菅野新一と菊文は、昭和38年7月~昭和41年1月まで30回(昭和40年5月は休み)にわたり、約60名の頒布会会員に毎月蔵王東麓の木地玩具の頒布を行った。頒布にあたっては、東京こけし友の会の西田峯吉・土橋慶三・中沢えい(かねへんに栄)太郎・柴田長吉郎・浅賀八重子に相談をしたことが復刻版のまえがきに記されている。
さらに菅野の言葉を借りると同書は、”この頒布会を終わるに当って、菊文さんと相談して記念のために”出版されたものである。なお、復刻に際して菅野は説明の改訂や「産地別の木地玩具工人と木地玩具一覧表」の増補を行った。
表紙のカラー写真は作田栄利のあひる、口絵カラー写真は「遠刈田・青根・弥治郎・小原・白石の木地玩具」と題して各種木地玩具の群像が掲載されている。

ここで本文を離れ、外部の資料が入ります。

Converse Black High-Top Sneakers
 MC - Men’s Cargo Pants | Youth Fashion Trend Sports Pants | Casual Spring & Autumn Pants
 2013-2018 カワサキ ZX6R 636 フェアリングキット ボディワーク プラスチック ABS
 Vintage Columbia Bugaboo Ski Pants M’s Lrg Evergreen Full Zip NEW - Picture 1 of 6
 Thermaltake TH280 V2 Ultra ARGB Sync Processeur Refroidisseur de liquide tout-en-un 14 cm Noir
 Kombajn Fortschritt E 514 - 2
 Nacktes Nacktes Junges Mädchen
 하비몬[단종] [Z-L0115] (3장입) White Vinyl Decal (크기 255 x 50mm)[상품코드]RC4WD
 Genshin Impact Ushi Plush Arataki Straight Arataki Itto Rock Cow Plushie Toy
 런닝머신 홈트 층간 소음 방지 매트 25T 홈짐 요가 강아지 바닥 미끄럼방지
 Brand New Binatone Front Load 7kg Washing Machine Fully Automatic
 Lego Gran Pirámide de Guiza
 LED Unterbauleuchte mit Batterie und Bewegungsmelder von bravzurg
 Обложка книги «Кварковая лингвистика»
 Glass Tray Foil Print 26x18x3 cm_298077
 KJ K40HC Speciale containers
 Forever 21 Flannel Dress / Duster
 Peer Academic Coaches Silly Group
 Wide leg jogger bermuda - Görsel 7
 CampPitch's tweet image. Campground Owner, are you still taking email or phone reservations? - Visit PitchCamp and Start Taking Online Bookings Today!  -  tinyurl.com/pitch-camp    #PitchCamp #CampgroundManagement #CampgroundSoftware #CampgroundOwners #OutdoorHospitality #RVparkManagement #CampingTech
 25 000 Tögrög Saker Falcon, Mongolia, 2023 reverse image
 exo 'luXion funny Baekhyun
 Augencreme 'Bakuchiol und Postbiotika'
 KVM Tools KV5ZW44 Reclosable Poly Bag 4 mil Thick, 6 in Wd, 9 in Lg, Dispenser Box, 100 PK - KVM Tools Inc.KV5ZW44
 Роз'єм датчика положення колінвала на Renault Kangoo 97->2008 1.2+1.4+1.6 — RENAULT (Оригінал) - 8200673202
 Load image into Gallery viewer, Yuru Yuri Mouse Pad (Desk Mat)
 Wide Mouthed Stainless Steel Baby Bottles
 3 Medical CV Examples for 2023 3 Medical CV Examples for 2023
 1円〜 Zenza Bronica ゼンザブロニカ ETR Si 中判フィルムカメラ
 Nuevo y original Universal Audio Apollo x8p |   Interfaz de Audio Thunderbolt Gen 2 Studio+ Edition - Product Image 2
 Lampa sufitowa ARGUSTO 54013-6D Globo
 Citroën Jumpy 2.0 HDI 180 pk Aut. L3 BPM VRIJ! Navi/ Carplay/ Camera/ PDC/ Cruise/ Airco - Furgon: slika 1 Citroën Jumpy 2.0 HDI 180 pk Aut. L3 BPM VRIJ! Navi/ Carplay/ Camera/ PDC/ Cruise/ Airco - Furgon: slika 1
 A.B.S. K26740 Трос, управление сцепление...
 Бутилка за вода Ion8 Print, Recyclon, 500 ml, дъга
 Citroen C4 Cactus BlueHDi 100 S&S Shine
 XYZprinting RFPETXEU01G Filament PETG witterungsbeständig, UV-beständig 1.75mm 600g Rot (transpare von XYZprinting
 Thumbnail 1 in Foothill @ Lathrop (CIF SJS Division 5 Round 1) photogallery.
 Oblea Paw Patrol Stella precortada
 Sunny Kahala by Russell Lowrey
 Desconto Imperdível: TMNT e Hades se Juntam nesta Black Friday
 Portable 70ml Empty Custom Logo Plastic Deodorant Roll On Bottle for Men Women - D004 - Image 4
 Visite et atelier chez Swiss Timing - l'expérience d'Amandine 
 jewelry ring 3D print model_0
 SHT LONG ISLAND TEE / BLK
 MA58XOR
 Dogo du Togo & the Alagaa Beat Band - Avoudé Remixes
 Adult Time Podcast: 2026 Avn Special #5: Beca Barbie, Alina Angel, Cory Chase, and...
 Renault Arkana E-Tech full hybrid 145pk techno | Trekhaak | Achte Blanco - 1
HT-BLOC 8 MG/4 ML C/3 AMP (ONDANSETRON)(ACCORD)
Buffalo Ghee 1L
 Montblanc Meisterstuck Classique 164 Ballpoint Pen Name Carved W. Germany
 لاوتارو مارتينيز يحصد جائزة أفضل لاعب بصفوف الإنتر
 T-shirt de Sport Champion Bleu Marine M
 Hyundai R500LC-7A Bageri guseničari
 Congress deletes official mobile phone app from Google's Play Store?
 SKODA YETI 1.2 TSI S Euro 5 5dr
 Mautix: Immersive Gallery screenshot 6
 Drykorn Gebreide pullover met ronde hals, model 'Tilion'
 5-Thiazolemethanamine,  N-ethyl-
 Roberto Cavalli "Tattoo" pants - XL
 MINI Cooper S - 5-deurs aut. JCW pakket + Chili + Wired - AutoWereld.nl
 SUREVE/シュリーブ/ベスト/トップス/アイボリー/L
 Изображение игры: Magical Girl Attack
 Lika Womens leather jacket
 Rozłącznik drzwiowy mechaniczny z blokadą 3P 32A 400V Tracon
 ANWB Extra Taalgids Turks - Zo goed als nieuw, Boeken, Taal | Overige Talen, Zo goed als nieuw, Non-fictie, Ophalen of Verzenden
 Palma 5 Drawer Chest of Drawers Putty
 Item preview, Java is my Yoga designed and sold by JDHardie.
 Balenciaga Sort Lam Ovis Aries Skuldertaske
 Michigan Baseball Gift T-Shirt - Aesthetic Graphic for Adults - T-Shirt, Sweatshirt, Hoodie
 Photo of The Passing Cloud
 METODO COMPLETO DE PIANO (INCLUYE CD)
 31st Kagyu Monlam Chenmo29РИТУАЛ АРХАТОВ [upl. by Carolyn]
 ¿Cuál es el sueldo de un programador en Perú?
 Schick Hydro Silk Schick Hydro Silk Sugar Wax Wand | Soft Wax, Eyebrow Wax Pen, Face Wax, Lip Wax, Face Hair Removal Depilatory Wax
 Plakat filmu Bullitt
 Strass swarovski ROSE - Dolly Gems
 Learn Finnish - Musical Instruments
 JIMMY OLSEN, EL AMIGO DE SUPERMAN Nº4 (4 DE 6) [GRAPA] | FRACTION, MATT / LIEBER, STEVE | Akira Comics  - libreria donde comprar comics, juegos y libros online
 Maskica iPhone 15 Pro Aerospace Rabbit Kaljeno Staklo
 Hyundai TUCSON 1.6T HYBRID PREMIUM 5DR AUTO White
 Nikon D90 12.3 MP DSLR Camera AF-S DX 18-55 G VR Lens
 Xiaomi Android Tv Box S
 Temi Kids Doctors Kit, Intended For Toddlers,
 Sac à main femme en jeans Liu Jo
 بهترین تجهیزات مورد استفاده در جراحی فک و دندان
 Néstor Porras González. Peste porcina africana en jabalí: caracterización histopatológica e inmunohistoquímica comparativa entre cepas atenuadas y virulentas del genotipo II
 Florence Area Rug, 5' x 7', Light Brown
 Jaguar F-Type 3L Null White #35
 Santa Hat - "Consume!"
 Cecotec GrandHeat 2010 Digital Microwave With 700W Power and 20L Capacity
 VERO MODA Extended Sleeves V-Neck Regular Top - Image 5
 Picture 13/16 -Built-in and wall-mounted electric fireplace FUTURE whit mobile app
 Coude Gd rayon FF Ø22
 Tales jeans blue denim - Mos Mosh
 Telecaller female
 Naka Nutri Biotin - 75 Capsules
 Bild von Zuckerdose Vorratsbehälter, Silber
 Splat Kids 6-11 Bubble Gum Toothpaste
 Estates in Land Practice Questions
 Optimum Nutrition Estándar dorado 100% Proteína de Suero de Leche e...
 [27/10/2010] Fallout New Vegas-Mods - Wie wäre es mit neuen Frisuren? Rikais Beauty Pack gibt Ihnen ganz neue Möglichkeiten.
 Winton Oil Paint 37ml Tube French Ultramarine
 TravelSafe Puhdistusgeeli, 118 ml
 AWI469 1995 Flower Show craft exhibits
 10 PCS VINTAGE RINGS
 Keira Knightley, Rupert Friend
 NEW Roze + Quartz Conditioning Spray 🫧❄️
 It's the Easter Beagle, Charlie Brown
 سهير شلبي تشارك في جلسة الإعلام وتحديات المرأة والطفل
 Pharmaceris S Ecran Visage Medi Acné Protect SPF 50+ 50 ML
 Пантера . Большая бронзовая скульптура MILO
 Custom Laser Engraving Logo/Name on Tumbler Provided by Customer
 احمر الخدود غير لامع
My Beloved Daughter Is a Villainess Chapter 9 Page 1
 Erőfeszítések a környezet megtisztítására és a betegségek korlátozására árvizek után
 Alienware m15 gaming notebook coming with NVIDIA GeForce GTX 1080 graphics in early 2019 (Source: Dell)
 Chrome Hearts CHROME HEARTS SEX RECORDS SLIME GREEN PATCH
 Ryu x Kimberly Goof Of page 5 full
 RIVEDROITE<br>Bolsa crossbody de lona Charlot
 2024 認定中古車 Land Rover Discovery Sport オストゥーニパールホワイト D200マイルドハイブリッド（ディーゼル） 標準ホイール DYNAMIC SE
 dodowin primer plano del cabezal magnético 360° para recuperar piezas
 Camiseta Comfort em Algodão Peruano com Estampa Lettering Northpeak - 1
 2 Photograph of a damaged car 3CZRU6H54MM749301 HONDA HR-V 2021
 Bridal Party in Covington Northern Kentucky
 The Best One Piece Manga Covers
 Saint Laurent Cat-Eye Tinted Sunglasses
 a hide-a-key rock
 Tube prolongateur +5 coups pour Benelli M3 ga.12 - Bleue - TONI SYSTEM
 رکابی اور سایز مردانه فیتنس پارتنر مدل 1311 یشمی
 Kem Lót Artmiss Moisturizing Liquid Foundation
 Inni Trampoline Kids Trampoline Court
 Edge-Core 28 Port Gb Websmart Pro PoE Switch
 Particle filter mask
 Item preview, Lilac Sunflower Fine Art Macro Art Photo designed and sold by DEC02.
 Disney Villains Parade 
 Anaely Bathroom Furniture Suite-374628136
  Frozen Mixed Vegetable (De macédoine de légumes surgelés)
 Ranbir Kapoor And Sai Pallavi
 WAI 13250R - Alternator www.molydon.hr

口絵白黒版は目次では「木地玩具のこけしに色をつける佐藤文助」とされているが、キャプションは「木地玩具を挽く佐藤丑蔵(遠刈田)」であり、実際の写真も提灯ごまを挽く丑蔵のようである。
頒布品
小冊子では個々の玩具の図版は白黒であったが、平成26年12月の東京こけし友の会例会の中古頒布・抽選・入札にこの「蔵王東麓の木地玩具と小道具」初版時の約60名への頒布品と思われる木地玩具が出品されたため、写真とともに紹介する。
頒布品の一部
東京こけし友の会 平成26年12月例会 中古品頒布
右手前に第23回頒布品「えずこ」菊池孝太郎(青根)が見える。
第24回頒布品「えずこ」佐藤文助(新地)、第12回頒布品「福禄寿」佐藤守正(遠刈田)、第21回頒布品「輪抜きだるま」本田亀寿(小原)、また右側の鳴子佐藤俊夫ねまりこ後方に第22回頒布品「ずんぐりごま」新山左内(弥治郎)等が見える。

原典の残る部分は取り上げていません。